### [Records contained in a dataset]
*** Block opens ***

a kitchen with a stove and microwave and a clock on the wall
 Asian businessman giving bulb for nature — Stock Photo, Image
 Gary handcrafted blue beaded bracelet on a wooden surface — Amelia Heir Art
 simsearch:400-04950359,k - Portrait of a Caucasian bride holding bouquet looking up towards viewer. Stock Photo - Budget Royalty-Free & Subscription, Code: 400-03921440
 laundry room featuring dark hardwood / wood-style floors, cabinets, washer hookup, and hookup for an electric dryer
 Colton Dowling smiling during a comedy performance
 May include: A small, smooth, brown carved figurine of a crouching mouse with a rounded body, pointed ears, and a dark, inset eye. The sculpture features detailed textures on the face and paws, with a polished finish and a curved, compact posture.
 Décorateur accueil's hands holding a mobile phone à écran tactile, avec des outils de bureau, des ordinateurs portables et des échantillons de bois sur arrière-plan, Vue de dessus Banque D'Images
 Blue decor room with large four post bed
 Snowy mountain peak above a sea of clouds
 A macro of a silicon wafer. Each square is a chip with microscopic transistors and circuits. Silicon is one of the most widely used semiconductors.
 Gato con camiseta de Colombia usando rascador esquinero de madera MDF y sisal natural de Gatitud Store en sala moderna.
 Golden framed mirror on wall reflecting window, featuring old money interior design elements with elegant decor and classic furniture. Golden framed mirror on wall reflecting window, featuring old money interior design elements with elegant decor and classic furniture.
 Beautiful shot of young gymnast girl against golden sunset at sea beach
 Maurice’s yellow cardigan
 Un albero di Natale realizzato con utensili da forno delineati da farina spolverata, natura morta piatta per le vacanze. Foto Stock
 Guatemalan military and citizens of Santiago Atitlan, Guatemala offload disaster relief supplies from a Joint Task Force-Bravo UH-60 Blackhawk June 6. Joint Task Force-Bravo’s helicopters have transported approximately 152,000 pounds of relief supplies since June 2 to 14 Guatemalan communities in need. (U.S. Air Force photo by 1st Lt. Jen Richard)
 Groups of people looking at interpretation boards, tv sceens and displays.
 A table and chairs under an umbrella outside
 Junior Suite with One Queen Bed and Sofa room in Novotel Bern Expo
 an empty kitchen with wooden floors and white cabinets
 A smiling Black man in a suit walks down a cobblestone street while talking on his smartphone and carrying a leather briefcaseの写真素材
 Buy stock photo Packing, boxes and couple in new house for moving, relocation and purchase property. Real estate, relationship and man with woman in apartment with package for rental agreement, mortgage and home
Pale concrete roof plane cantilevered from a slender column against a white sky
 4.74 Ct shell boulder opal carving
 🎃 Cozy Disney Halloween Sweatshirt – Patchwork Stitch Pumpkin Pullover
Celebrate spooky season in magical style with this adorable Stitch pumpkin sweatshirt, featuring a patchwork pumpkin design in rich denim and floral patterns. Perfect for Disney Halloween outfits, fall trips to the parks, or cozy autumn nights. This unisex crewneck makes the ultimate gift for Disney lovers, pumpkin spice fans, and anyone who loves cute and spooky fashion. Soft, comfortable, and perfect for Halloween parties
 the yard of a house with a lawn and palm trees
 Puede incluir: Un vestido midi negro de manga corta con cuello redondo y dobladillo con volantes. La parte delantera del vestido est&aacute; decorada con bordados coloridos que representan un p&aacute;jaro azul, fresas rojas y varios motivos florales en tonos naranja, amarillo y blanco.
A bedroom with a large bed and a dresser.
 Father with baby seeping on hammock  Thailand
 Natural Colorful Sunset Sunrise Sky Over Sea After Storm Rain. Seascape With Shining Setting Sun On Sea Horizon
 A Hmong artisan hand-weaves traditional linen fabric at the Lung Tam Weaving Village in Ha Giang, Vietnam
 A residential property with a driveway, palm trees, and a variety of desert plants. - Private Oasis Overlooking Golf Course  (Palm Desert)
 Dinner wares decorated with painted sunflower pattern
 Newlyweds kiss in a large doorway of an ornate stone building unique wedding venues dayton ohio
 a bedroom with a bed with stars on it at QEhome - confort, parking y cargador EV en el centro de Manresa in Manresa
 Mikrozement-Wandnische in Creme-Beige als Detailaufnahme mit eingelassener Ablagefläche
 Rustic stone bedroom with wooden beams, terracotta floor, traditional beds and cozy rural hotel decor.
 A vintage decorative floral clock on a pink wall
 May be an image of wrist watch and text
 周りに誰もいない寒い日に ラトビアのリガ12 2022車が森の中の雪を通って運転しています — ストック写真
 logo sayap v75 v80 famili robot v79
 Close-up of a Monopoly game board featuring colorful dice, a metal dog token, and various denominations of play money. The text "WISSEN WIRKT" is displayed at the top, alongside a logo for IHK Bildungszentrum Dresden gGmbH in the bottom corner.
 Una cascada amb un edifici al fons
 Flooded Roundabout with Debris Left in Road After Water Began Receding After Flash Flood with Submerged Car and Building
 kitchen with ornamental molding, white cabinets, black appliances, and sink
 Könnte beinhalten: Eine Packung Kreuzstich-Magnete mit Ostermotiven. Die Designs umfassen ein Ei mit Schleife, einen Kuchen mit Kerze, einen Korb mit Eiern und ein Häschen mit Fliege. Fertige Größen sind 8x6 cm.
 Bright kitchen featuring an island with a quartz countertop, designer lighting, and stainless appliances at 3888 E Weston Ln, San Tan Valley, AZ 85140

*** Block closes ***

### [Work instructions]
List each line of the entries that holds the string "wooden".

### [Answer area]
 Gary handcrafted blue beaded bracelet on a wooden surface — Amelia Heir Art
 an empty kitchen with wooden floors and white cabinets
 Rustic stone bedroom with wooden beams, terracotta floor, traditional beds and cozy rural hotel decor.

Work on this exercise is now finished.